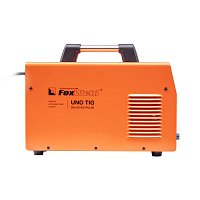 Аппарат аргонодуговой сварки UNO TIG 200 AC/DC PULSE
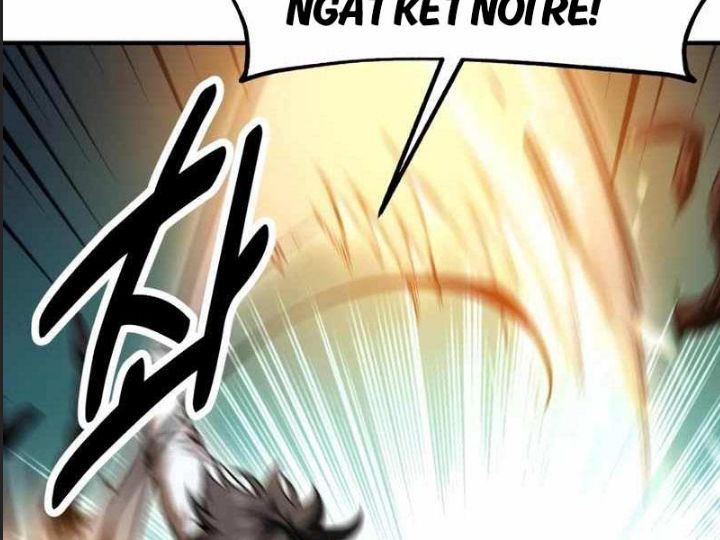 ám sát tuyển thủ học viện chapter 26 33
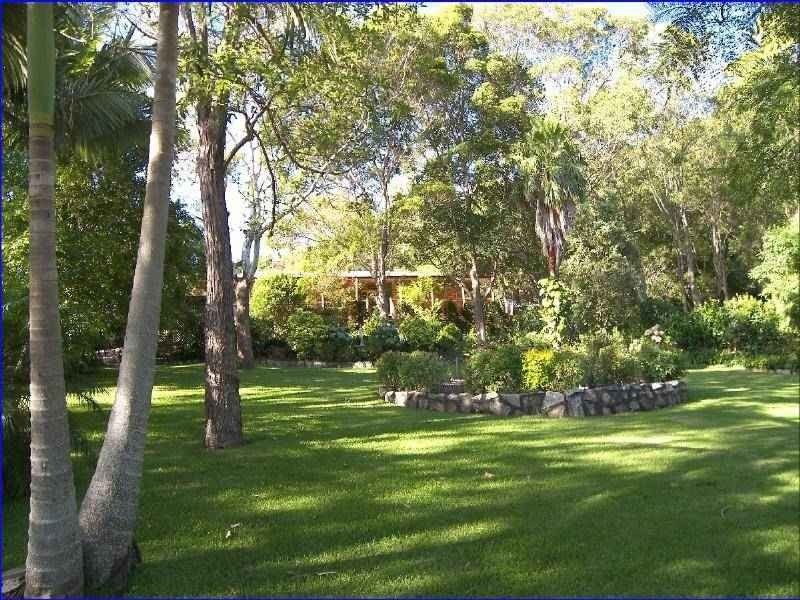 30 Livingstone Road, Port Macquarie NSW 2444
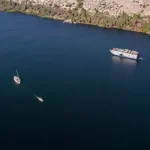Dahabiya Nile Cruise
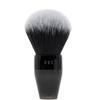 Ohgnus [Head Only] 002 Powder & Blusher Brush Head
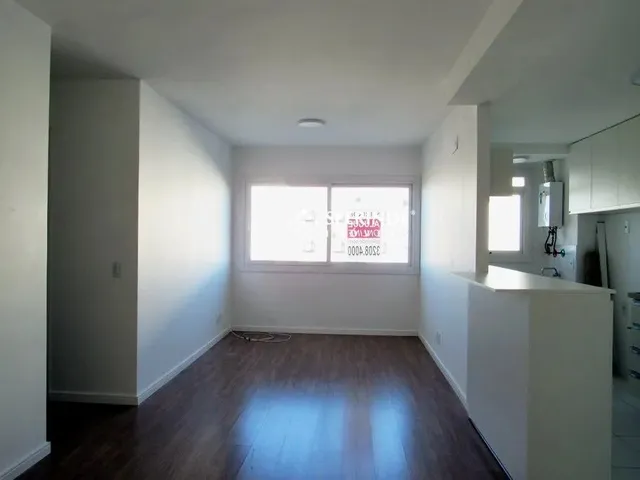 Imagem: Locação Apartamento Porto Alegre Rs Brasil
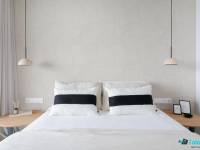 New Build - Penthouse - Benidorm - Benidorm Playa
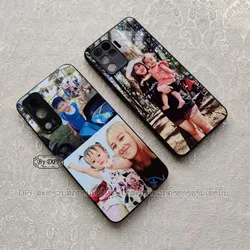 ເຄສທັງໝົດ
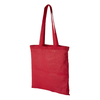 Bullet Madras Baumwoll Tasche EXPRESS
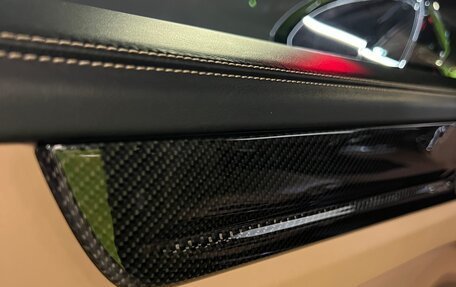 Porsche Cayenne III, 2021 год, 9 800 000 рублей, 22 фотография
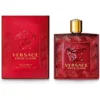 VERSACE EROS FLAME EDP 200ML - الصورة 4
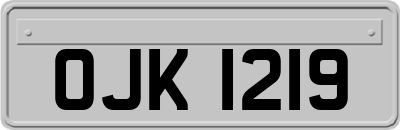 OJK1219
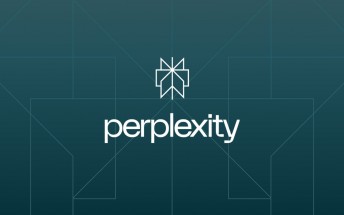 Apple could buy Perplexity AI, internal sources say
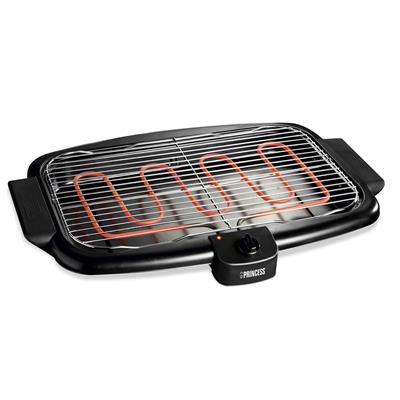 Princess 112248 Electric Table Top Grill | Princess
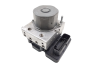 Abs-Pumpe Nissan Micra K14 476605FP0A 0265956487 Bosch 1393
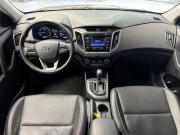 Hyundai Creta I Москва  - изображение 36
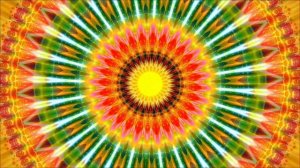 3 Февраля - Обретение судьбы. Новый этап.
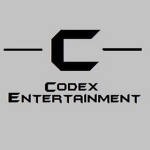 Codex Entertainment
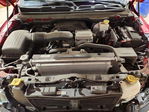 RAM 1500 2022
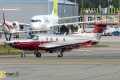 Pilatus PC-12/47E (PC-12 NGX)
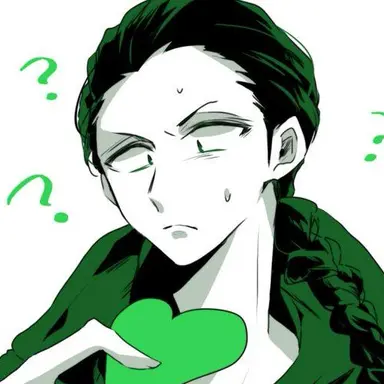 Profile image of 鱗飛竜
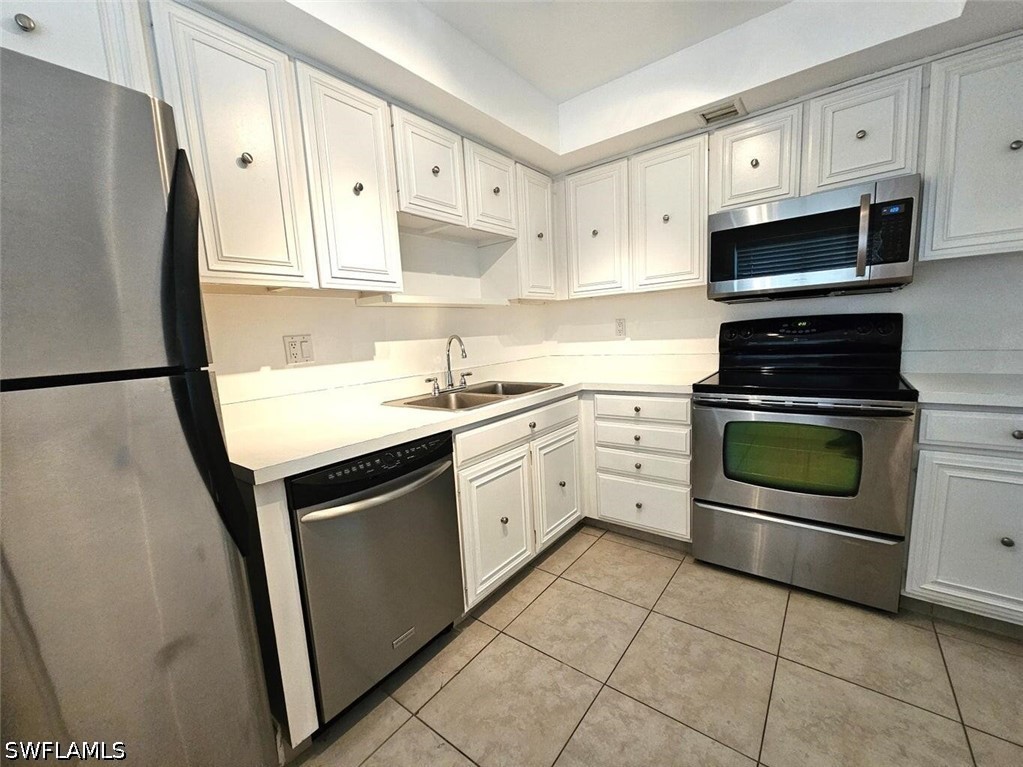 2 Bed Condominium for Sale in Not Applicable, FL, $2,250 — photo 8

> **Work instructions**
Please leave out the pictures while you copy exactly the lines from the one containing "ám sát tuyển thủ học viện chapter 26 33" through the end of the records.

> **Response box**
 ám sát tuyển thủ học viện chapter 26 33
 30 Livingstone Road, Port Macquarie NSW 2444
Dahabiya Nile Cruise
 Ohgnus [Head Only] 002 Powder & Blusher Brush Head
 Imagem: Locação Apartamento Porto Alegre Rs Brasil
 New Build - Penthouse - Benidorm - Benidorm Playa
 ເຄສທັງໝົດ
 Bullet Madras Baumwoll Tasche EXPRESS
 Porsche Cayenne III, 2021 год, 9 800 000 рублей, 22 фотография
 VERSACE EROS FLAME EDP 200ML - الصورة 4
 OJK1219
 Apple could buy Perplexity AI, internal sources say
 Princess 112248 Electric Table Top Grill | Princess
 Abs-Pumpe Nissan Micra K14 476605FP0A 0265956487 Bosch 1393
 Hyundai Creta I Москва  - изображение 36
 3 Февраля - Обретение судьбы. Новый этап.
 Codex Entertainment
 RAM 1500 2022
 Pilatus PC-12/47E (PC-12 NGX)
 Profile image of 鱗飛竜
 2 Bed Condominium for Sale in Not Applicable, FL, $2,250 — photo 8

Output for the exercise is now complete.